Dalam buku Shahih Fiqih Sunnah seperti disebutkan adanya larangan mendudukkan pengantin laki-laki dan perempuan berdampingan, dan ini dikatakan sebagai kesalahan besar. Ini diharamkan karena beberapa alasan, diantaranya, karena laki-laki dapat leluasa menemui perempuan. 

Alasan lainnya, karena kaum laki-laki dan kaum perempuan dapat leluasa berpandangan satu sama lain. Apalagi kedua jenis manusia itu berada dalam puncak perhiasannya. Keharaman duduk bersanding pengantin ini ditetapkan keharamannya oleh Dewan Ulama Besar Arab Saudi.

Syaikh Ibnu Utsaimin dalam fatwa yang dimuat dalam buku Fatwa-Fatwa Kotemporer, ketika ditanya mengenai apa hukumnya tentang yang dilakukan oleh sebagian orang pada saat pesta pernikahan dimana mereka menyandingkan kedua mempelai di depan kaum perempuan dan mendudukkannya di kursi pengantin, pasangan pengantin itu haram hukumnya dan tidak boleh dilakukan, karena disandingkannya kedua mempelai pada acara tersebut menimbulkan fitnah (maksiat) dan membangkitkan gairah syahwat , bahkan bisa berbahaya terhadap mempelai perempuan, karena bisa saja mempelai pria melihat perempuan yang ada dihadapnnya yang lebih cantik daripada mempelai perempuan (isterinya ) dan lebih bagus posturnya,hingga ia kurang tertarik kepada isteri yang ada disampingnya. Ketika itu, ia mengira sebelumnya bahwa isterinya yang paling cantik dan lebih bagus. 
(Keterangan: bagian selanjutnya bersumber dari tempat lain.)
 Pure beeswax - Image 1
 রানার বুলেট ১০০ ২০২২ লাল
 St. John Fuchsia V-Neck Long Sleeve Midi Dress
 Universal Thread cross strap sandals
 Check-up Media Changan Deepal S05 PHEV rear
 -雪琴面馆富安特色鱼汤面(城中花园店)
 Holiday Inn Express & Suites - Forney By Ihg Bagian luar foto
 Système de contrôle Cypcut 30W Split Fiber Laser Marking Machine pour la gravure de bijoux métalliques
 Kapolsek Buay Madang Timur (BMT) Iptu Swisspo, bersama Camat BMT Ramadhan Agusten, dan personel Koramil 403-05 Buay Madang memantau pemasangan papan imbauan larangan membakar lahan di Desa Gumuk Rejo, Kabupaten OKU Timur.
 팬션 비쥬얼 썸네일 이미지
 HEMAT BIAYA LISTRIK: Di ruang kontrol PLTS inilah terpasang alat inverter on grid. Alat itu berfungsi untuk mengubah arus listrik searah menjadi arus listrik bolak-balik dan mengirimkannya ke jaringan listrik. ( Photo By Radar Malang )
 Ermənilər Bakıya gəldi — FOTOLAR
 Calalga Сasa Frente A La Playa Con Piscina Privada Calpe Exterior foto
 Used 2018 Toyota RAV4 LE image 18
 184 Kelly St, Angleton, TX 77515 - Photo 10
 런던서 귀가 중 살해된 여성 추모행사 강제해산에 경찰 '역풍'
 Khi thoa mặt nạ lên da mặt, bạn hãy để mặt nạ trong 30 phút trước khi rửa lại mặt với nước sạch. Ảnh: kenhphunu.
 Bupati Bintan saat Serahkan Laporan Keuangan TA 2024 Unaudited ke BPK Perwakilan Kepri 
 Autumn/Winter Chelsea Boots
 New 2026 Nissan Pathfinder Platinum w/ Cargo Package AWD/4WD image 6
Maka wajib hukumnya menghindari perbuatan seperti itu ( menyandingkan kedua mempelai di depan undangan ). Semua kebiasaan buruk seperti itu bukanlah kebiasaan kaum Muslimin, melainkan kebiasaan dan adat yang diada-adakan yang dibawa oleh musuh-musuh Islam kepada kaum Muslimin dan mereka pun mengikuti dan menirukannya.

Tidak berbeda apa yang dijelaskan Syaikh bin Baz dalam buku yang sama, menjawab pertanyaan sekitar duduk bersandingnya pengantian di depan undangan. Disebutkan, di antara perkara munkar yang dilakukan banyak orang pada zaman sekarang ini adalah meletakkan tempat duduk (kursi pengantin) bagi kedua mempelai di hadapan para tamu undangan.